R (Ann Marie Rogers) v Swindon Primary Care Trust [2006] EWCA Civ 392 is a UK enterprise law case, concerning health care in the UK.

==Facts==
Ms Rogers claimed that she should be treated with Herceptin for her breast cancer, although it was not yet licensed by the National Institute for Health and Care Excellence. Dr Cole, her consultant, was turned down by Swindon Primary Care Trust for the treatment. She could only afford two doses herself. The PCT would only fund if her case was ‘exceptional’ but after a review it decided her case was not, because all women with stage 1 breast cancer were in the same position as Ms Rogers. She brought judicial review, arguing the PCT had acted irrationally.

Bean J dismissed Ms Rogers' appeal for judicial review.

==Judgment==
The Court of Appeal held the 'exceptionality' review had been meaningless, and the decision was irrational.

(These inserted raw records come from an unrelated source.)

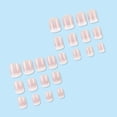 thumbnail image 4 of Press On Nails WAFOLOZE Short Square de color rosa claro a blanco, 4 of 7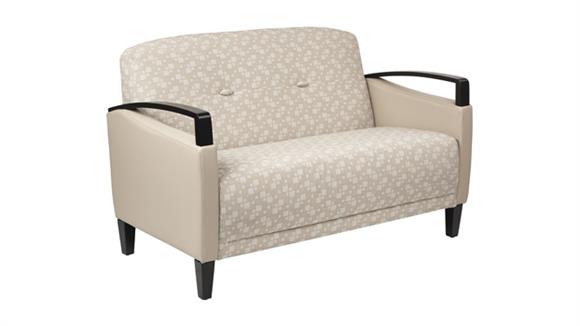 Loveseat with Espresso Wood Accents in Premium Fabrics or Two-Tone Fabric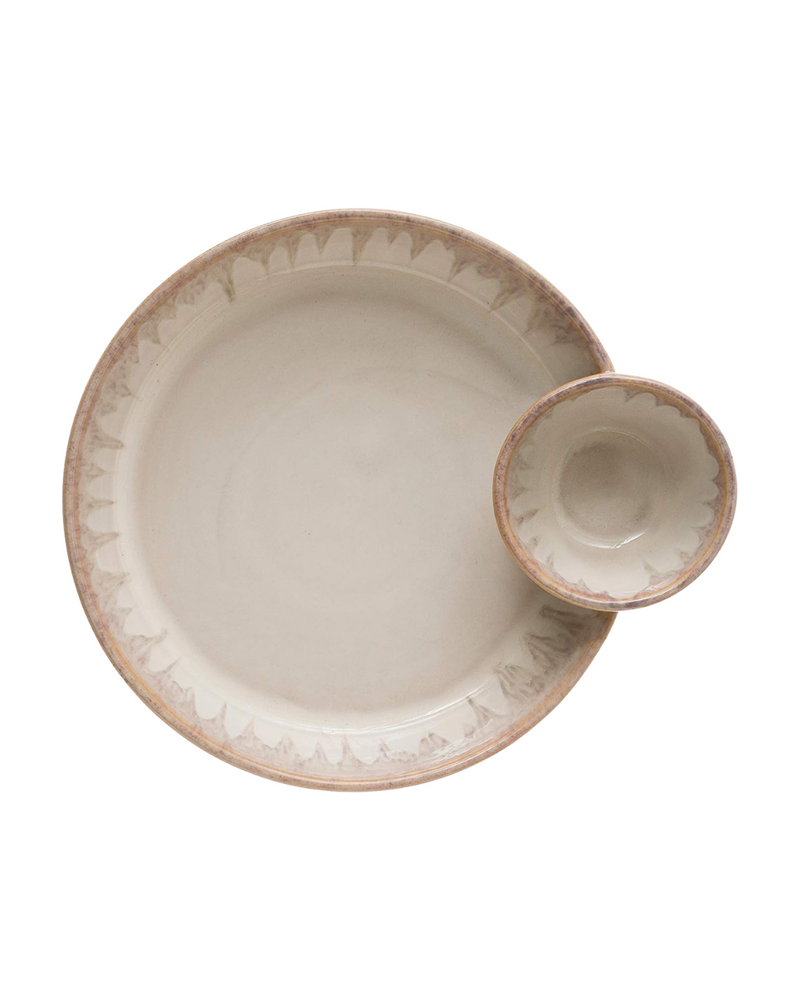 Stoneware Serving Dish Cream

Sir Anthony Clarke MR said the following:

If that policy had involved a balance of financial considerations against a general policy not to fund off-licence drugs not approved by NICE and the healthcare needs of the particular patient in an exceptional case, we do not think that such a policy would have been irrational ...

[...]

Where the clinical needs are equal, and resources are not an issue, discrimination between patients in the same eligible group cannot be justified on the basis of personal characteristics not based on healthcare.